Stonehenge on a Winter Solstice

The Winter Solstice has just slipped into place and it may look and feel like winter where you are now or it may be the start of summer if you are in the Southern Hemisphere.

In years past, I have usually posted something about winter and poetry. Around the start of December, my analytics usually show that people search and find posts and prompts about winter. So, this year I'm going to start the season with this anthology post of past winter posts.

Do you ever have a mind of winter? I posted once about that idea and Wallace Steven's poem "The Snow Man"

I have created mini-winter poem anthologies too. I posted a few winter poems by Mary Oliver and others in 2016 and some poems to move you into winter on the solstice.   

There are some thoughts on winter by Williams, Thoreau and Shakespeare and Emily Dickinson's poem about the snow that never drifts - which I will admit to still not quite figuring out, though I enjoy rereading it.

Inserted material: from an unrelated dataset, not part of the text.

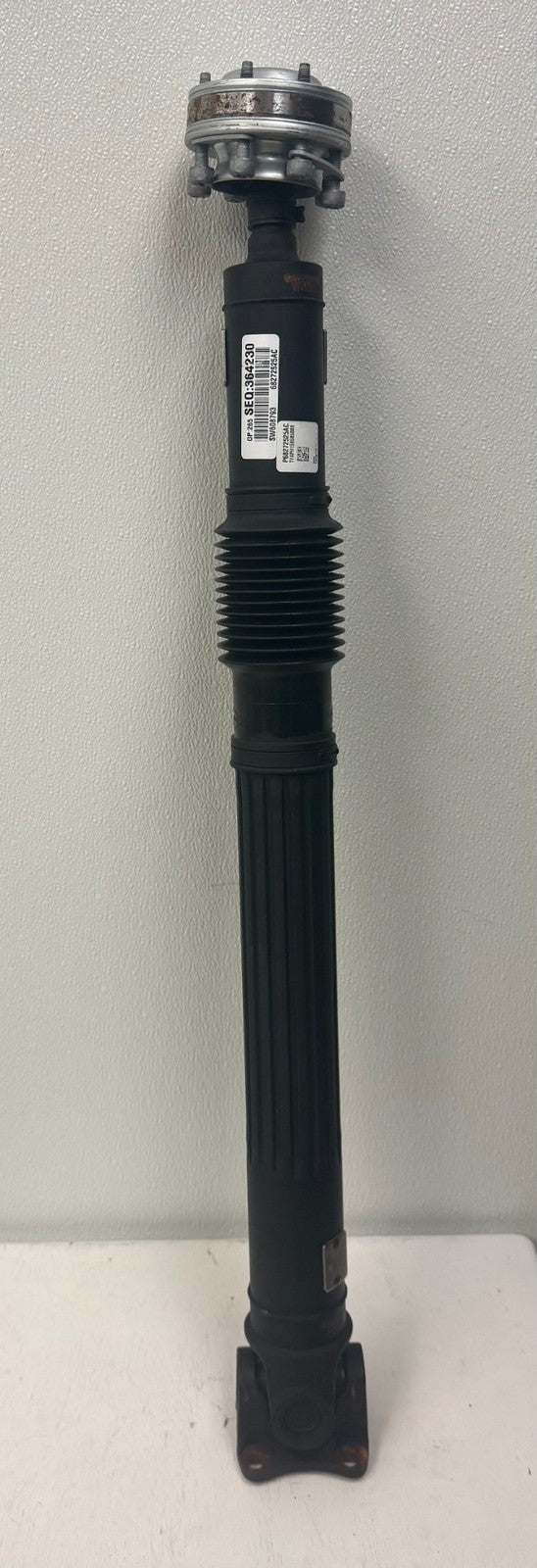 2018-2026 OEM Jeep Wrangler Drive Shaft 68272525AC New Takeoff0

I think I have written more than once about Robert Frost's solstice when he stopped in the woods to watch the snow fall. That is one of the best-known American poems. I found it interesting that he sat down to write it on a warm June day.   

Whose woods these are I think I know.
His house is in the village though;
He will not see me stopping here
To watch his woods fill up with snow.

Somehow winter haiku always seems very appropriate to the season - spare and quiet like the day after a snowstorm.  

You should not forget in this time when some people, due to holidays, the new year, and Seasonal Affective Disorder (SAD) fall into a depression that tending your inner garden in winter can be aided by reading and writing poems.    

You can browse all my posts about winter at my tag for"winter."

I hope you have a good winter season filled with health, joy, and poetry.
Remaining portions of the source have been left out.